LinkedIn’s Position Won’t Actually Protect Privacy
LinkedIn argues that imposing criminal liability for automated access of publicly available LinkedIn data would protect the privacy interests of LinkedIn users who decide to publish their information publicly, but that’s just not true. LinkedIn still wouldn’t have any meaningful control over who accesses the data and how they use it, because the data will still be freely available on the open Internet for malicious actors and anyone not within the jurisdiction of the United States to access and use however they wish. LinkedIn’s contractual use restrictions on automated access may provide an illusion of privacy—and deter law-abiding individuals and U.S.-based companies from using automated tools to access that data—but nothing more.
LinkedIn knows this. Its privacy policy acknowledges the inherent lack of privacy in data posted publicly and makes no promises to users about LinkedIn’s ability to protect it: “Please do not post or add personal data to your profile that you would not want to be publicly available.” LinkedIn shouldn’t be spreading misconceptions about the “privacy” of publicly posted data in court pleadings to advance its corporate interests.

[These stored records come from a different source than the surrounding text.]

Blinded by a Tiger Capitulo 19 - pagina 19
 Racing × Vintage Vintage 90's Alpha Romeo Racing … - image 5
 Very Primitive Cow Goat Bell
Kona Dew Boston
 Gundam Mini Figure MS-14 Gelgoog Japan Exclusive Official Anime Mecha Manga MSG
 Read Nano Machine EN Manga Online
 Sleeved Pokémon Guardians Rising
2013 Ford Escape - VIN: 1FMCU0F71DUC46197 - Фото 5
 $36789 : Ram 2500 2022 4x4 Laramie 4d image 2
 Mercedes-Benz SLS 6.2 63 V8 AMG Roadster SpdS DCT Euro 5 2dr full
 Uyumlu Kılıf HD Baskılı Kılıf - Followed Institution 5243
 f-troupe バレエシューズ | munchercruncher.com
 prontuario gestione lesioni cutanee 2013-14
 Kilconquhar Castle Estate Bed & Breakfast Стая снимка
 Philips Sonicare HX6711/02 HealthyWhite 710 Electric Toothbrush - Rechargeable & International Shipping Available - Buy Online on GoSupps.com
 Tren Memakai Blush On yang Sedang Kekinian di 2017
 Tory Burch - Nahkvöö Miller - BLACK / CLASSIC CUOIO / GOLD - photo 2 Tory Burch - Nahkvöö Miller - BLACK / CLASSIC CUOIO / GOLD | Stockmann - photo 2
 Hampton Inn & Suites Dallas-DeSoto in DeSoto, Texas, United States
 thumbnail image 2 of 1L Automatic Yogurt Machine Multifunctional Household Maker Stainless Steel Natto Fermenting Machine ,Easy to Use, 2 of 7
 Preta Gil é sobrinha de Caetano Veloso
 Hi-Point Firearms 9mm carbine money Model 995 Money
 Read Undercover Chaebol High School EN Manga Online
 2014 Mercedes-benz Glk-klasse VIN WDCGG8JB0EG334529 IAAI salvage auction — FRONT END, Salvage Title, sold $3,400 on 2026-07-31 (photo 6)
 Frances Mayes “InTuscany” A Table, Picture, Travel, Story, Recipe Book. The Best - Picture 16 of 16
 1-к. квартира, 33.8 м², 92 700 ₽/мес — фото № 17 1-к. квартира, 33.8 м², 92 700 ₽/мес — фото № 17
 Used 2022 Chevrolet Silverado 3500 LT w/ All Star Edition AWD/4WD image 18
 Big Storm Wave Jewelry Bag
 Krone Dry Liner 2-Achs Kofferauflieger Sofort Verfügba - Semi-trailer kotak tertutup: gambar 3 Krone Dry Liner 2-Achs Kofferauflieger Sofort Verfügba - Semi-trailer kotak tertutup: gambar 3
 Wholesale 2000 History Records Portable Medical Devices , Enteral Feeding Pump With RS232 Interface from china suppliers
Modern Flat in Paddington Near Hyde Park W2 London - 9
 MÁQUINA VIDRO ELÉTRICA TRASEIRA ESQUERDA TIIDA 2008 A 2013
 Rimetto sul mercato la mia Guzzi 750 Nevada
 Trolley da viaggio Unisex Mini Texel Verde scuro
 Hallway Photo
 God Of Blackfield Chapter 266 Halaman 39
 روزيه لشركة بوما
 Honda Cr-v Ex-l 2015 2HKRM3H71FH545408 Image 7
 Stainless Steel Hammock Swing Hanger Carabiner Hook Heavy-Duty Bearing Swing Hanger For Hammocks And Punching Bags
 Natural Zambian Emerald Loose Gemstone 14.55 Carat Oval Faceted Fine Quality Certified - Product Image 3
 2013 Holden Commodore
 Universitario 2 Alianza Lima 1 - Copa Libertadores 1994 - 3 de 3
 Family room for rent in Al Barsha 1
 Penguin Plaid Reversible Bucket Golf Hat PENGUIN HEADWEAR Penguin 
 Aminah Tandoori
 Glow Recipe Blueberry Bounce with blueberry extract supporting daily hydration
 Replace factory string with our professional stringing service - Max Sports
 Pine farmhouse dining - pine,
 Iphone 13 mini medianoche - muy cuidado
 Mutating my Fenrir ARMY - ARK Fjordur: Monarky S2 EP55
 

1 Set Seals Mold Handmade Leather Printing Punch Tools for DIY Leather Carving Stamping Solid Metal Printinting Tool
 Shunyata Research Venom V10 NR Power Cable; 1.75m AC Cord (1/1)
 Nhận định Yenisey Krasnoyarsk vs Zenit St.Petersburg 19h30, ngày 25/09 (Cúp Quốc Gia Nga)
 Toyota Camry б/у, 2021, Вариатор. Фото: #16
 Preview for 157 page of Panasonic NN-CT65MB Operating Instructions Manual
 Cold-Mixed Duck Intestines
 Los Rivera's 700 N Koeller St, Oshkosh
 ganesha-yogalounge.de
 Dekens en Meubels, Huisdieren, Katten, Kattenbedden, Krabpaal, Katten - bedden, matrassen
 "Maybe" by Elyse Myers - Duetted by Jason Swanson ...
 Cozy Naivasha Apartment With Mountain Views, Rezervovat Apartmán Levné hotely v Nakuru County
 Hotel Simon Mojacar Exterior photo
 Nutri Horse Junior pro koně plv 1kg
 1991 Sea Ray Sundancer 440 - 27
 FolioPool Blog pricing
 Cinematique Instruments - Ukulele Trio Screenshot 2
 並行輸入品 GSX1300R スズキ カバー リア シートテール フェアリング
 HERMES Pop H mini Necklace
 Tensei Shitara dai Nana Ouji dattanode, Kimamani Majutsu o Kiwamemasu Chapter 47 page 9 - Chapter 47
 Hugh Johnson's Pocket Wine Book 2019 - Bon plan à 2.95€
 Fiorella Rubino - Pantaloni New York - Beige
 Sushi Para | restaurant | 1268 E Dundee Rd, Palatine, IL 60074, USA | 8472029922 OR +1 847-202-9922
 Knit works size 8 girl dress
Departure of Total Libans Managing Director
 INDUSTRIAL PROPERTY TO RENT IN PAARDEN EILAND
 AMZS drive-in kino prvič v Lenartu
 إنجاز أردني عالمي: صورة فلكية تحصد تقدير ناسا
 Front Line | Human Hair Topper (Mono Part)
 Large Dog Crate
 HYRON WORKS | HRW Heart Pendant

LinkedIn Can’t Have Its Cake and Eat It, Too
The only way for LinkedIn to truly protect the privacy of its users’ is to make their profiles non-public—i.e., to put their information behind a username and password barrier. But instead its profiles are public by default. As LinkedIn itself admits, it benefits from that data remaining public and freely accessible on the Internet: open access on its platforms means more Internet traffic (and thus more data and more eyes for advertisers). As we told the court, “LinkedIn wants to ‘participate in the open Web’ but at the same time abuse the CFAA to avoid ‘accept[ing] the open trespass norms of the Web.’” We hope the court does not allow it.
Correction: An earlier version of this post stated that LinkedIn and the Electronic Privacy Information Center both argued that imposing criminal liability for automated access would protect the privacy interests of LinkedIn users. The post was updated to clarify that EPIC filed an amicus brief in the case in support of neither party, raising the privacy implications of the scope of the lower court's preliminary injunction order, which enjoined LinkedIn from blocking hiQ's access to publicly available user profiles, and not arguing in favor of criminal liability.